(Records contained in a dataset)

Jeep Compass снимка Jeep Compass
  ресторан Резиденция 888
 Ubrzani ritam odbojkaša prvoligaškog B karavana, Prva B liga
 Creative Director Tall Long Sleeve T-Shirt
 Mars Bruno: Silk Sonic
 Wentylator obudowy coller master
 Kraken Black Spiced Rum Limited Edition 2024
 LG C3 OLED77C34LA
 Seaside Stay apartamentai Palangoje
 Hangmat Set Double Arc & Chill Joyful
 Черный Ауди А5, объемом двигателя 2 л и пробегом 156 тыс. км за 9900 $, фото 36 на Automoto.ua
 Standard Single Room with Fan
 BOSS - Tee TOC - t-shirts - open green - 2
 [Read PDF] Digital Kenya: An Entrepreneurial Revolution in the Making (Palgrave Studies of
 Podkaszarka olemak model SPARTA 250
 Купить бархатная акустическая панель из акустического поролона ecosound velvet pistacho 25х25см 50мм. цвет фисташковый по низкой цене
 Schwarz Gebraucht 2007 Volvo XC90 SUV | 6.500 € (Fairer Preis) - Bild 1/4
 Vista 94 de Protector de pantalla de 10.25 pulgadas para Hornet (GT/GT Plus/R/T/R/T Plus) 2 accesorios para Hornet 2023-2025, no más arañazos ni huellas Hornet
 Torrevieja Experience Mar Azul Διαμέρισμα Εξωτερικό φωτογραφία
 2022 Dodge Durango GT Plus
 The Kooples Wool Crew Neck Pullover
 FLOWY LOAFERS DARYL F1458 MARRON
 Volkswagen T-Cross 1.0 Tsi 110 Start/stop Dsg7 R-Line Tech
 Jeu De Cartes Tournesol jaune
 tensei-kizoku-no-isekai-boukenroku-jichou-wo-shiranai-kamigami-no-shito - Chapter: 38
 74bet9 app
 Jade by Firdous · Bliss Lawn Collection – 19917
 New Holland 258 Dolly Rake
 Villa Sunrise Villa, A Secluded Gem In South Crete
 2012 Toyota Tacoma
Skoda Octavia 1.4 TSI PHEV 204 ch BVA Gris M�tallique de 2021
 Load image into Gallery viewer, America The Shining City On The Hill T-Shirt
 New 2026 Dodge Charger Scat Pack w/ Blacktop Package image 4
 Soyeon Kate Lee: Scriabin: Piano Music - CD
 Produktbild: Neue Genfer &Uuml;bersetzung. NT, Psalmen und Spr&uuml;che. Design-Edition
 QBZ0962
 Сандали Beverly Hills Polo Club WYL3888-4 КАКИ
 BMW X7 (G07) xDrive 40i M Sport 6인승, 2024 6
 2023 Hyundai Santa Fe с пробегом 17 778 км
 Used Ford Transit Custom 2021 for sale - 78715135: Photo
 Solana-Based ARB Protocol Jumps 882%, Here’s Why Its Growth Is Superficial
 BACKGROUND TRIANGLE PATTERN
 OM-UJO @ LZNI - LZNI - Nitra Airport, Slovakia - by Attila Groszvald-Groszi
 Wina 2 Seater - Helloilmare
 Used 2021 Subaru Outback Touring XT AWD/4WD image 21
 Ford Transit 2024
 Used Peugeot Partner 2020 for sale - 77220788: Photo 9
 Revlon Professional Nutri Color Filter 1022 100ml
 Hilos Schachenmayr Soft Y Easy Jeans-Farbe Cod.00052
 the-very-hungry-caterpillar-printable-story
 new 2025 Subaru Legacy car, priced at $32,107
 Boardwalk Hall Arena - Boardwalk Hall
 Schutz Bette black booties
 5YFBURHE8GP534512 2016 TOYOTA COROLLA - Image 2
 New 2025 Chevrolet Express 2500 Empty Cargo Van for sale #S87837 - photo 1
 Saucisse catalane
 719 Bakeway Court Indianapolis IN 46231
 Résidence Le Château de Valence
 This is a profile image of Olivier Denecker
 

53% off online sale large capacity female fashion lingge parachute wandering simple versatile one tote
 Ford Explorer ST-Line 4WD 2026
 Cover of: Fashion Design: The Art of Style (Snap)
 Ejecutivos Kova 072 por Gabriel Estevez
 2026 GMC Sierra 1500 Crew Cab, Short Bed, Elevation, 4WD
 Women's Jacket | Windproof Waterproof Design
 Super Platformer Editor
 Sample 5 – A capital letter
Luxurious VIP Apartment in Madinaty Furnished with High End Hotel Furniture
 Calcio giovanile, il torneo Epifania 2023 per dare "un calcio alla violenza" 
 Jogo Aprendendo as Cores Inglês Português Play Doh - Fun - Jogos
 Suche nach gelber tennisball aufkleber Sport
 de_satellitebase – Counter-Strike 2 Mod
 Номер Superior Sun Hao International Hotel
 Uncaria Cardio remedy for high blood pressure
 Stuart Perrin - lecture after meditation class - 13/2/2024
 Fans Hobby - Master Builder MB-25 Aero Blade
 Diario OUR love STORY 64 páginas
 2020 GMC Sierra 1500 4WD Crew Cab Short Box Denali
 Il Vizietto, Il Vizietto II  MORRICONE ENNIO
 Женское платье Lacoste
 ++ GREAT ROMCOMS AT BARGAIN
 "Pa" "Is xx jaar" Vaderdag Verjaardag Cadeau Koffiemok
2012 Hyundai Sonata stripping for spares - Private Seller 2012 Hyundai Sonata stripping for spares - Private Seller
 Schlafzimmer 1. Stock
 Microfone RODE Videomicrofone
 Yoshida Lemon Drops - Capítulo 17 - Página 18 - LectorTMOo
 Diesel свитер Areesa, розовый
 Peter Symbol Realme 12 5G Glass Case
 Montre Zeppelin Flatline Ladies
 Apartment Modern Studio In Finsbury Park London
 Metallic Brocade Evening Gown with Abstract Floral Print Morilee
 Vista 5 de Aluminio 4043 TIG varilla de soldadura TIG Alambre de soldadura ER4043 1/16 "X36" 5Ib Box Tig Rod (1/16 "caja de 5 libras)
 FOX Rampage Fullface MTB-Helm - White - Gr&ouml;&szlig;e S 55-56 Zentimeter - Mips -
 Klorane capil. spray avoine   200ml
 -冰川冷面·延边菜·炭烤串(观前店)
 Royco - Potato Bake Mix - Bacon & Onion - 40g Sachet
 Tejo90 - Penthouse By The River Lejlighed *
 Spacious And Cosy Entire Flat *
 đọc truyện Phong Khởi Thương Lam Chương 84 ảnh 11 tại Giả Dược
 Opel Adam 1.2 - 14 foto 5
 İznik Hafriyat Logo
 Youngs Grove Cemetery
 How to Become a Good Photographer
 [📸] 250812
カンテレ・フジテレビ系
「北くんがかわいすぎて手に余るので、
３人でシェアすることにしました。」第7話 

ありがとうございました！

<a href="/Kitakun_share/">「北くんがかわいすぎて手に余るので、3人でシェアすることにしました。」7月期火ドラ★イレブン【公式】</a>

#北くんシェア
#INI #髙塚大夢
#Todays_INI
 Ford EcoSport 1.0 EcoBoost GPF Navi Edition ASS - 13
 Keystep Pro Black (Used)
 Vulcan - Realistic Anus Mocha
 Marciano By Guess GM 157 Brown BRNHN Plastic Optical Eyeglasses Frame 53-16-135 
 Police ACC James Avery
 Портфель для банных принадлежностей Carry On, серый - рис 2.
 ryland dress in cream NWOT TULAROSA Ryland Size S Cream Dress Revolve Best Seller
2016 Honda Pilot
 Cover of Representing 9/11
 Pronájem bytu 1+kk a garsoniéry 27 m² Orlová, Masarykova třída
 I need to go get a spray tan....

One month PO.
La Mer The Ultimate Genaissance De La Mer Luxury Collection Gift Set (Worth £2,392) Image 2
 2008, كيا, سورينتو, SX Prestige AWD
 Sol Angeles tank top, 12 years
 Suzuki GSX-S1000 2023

The task
Reproduce all the entries verbatim, leaving nothing out.

Answer area
Jeep Compass снимка Jeep Compass
  ресторан Резиденция 888
 Ubrzani ritam odbojkaša prvoligaškog B karavana, Prva B liga
 Creative Director Tall Long Sleeve T-Shirt
 Mars Bruno: Silk Sonic
 Wentylator obudowy coller master
 Kraken Black Spiced Rum Limited Edition 2024
 LG C3 OLED77C34LA
 Seaside Stay apartamentai Palangoje
 Hangmat Set Double Arc & Chill Joyful
 Черный Ауди А5, объемом двигателя 2 л и пробегом 156 тыс. км за 9900 $, фото 36 на Automoto.ua
 Standard Single Room with Fan
 BOSS - Tee TOC - t-shirts - open green - 2
 [Read PDF] Digital Kenya: An Entrepreneurial Revolution in the Making (Palgrave Studies of
 Podkaszarka olemak model SPARTA 250
 Купить бархатная акустическая панель из акустического поролона ecosound velvet pistacho 25х25см 50мм. цвет фисташковый по низкой цене
 Schwarz Gebraucht 2007 Volvo XC90 SUV | 6.500 € (Fairer Preis) - Bild 1/4
 Vista 94 de Protector de pantalla de 10.25 pulgadas para Hornet (GT/GT Plus/R/T/R/T Plus) 2 accesorios para Hornet 2023-2025, no más arañazos ni huellas Hornet
 Torrevieja Experience Mar Azul Διαμέρισμα Εξωτερικό φωτογραφία
 2022 Dodge Durango GT Plus
 The Kooples Wool Crew Neck Pullover
 FLOWY LOAFERS DARYL F1458 MARRON
 Volkswagen T-Cross 1.0 Tsi 110 Start/stop Dsg7 R-Line Tech
 Jeu De Cartes Tournesol jaune
 tensei-kizoku-no-isekai-boukenroku-jichou-wo-shiranai-kamigami-no-shito - Chapter: 38
 74bet9 app
 Jade by Firdous · Bliss Lawn Collection – 19917
 New Holland 258 Dolly Rake
 Villa Sunrise Villa, A Secluded Gem In South Crete
 2012 Toyota Tacoma
Skoda Octavia 1.4 TSI PHEV 204 ch BVA Gris M�tallique de 2021
 Load image into Gallery viewer, America The Shining City On The Hill T-Shirt
 New 2026 Dodge Charger Scat Pack w/ Blacktop Package image 4
 Soyeon Kate Lee: Scriabin: Piano Music - CD
 Produktbild: Neue Genfer &Uuml;bersetzung. NT, Psalmen und Spr&uuml;che. Design-Edition
 QBZ0962
 Сандали Beverly Hills Polo Club WYL3888-4 КАКИ
 BMW X7 (G07) xDrive 40i M Sport 6인승, 2024 6
 2023 Hyundai Santa Fe с пробегом 17 778 км
 Used Ford Transit Custom 2021 for sale - 78715135: Photo
 Solana-Based ARB Protocol Jumps 882%, Here’s Why Its Growth Is Superficial
 BACKGROUND TRIANGLE PATTERN
 OM-UJO @ LZNI - LZNI - Nitra Airport, Slovakia - by Attila Groszvald-Groszi
 Wina 2 Seater - Helloilmare
 Used 2021 Subaru Outback Touring XT AWD/4WD image 21
 Ford Transit 2024
 Used Peugeot Partner 2020 for sale - 77220788: Photo 9
 Revlon Professional Nutri Color Filter 1022 100ml
 Hilos Schachenmayr Soft Y Easy Jeans-Farbe Cod.00052
 the-very-hungry-caterpillar-printable-story
 new 2025 Subaru Legacy car, priced at $32,107
 Boardwalk Hall Arena - Boardwalk Hall
 Schutz Bette black booties
 5YFBURHE8GP534512 2016 TOYOTA COROLLA - Image 2
 New 2025 Chevrolet Express 2500 Empty Cargo Van for sale #S87837 - photo 1
 Saucisse catalane
 719 Bakeway Court Indianapolis IN 46231
 Résidence Le Château de Valence
 This is a profile image of Olivier Denecker
 

53% off online sale large capacity female fashion lingge parachute wandering simple versatile one tote
 Ford Explorer ST-Line 4WD 2026
 Cover of: Fashion Design: The Art of Style (Snap)
 Ejecutivos Kova 072 por Gabriel Estevez
 2026 GMC Sierra 1500 Crew Cab, Short Bed, Elevation, 4WD
 Women's Jacket | Windproof Waterproof Design
 Super Platformer Editor
 Sample 5 – A capital letter
Luxurious VIP Apartment in Madinaty Furnished with High End Hotel Furniture
 Calcio giovanile, il torneo Epifania 2023 per dare "un calcio alla violenza" 
 Jogo Aprendendo as Cores Inglês Português Play Doh - Fun - Jogos
 Suche nach gelber tennisball aufkleber Sport
 de_satellitebase – Counter-Strike 2 Mod
 Номер Superior Sun Hao International Hotel
 Uncaria Cardio remedy for high blood pressure
 Stuart Perrin - lecture after meditation class - 13/2/2024
 Fans Hobby - Master Builder MB-25 Aero Blade
 Diario OUR love STORY 64 páginas
 2020 GMC Sierra 1500 4WD Crew Cab Short Box Denali
 Il Vizietto, Il Vizietto II  MORRICONE ENNIO
 Женское платье Lacoste
 ++ GREAT ROMCOMS AT BARGAIN
 "Pa" "Is xx jaar" Vaderdag Verjaardag Cadeau Koffiemok
2012 Hyundai Sonata stripping for spares - Private Seller 2012 Hyundai Sonata stripping for spares - Private Seller
 Schlafzimmer 1. Stock
 Microfone RODE Videomicrofone
 Yoshida Lemon Drops - Capítulo 17 - Página 18 - LectorTMOo
 Diesel свитер Areesa, розовый
 Peter Symbol Realme 12 5G Glass Case
 Montre Zeppelin Flatline Ladies
 Apartment Modern Studio In Finsbury Park London
 Metallic Brocade Evening Gown with Abstract Floral Print Morilee
 Vista 5 de Aluminio 4043 TIG varilla de soldadura TIG Alambre de soldadura ER4043 1/16 "X36" 5Ib Box Tig Rod (1/16 "caja de 5 libras)
 FOX Rampage Fullface MTB-Helm - White - Gr&ouml;&szlig;e S 55-56 Zentimeter - Mips -
 Klorane capil. spray avoine   200ml
 -冰川冷面·延边菜·炭烤串(观前店)
 Royco - Potato Bake Mix - Bacon & Onion - 40g Sachet
 Tejo90 - Penthouse By The River Lejlighed *
 Spacious And Cosy Entire Flat *
 đọc truyện Phong Khởi Thương Lam Chương 84 ảnh 11 tại Giả Dược
 Opel Adam 1.2 - 14 foto 5
 İznik Hafriyat Logo
 Youngs Grove Cemetery
 How to Become a Good Photographer
 [📸] 250812
カンテレ・フジテレビ系
「北くんがかわいすぎて手に余るので、
３人でシェアすることにしました。」第7話 

ありがとうございました！

<a href="/Kitakun_share/">「北くんがかわいすぎて手に余るので、3人でシェアすることにしました。」7月期火ドラ★イレブン【公式】</a>

#北くんシェア
#INI #髙塚大夢
#Todays_INI
 Ford EcoSport 1.0 EcoBoost GPF Navi Edition ASS - 13
 Keystep Pro Black (Used)
 Vulcan - Realistic Anus Mocha
 Marciano By Guess GM 157 Brown BRNHN Plastic Optical Eyeglasses Frame 53-16-135 
 Police ACC James Avery
 Портфель для банных принадлежностей Carry On, серый - рис 2.
 ryland dress in cream NWOT TULAROSA Ryland Size S Cream Dress Revolve Best Seller
2016 Honda Pilot
 Cover of Representing 9/11
 Pronájem bytu 1+kk a garsoniéry 27 m² Orlová, Masarykova třída
 I need to go get a spray tan....

One month PO.
La Mer The Ultimate Genaissance De La Mer Luxury Collection Gift Set (Worth £2,392) Image 2
 2008, كيا, سورينتو, SX Prestige AWD
 Sol Angeles tank top, 12 years
 Suzuki GSX-S1000 2023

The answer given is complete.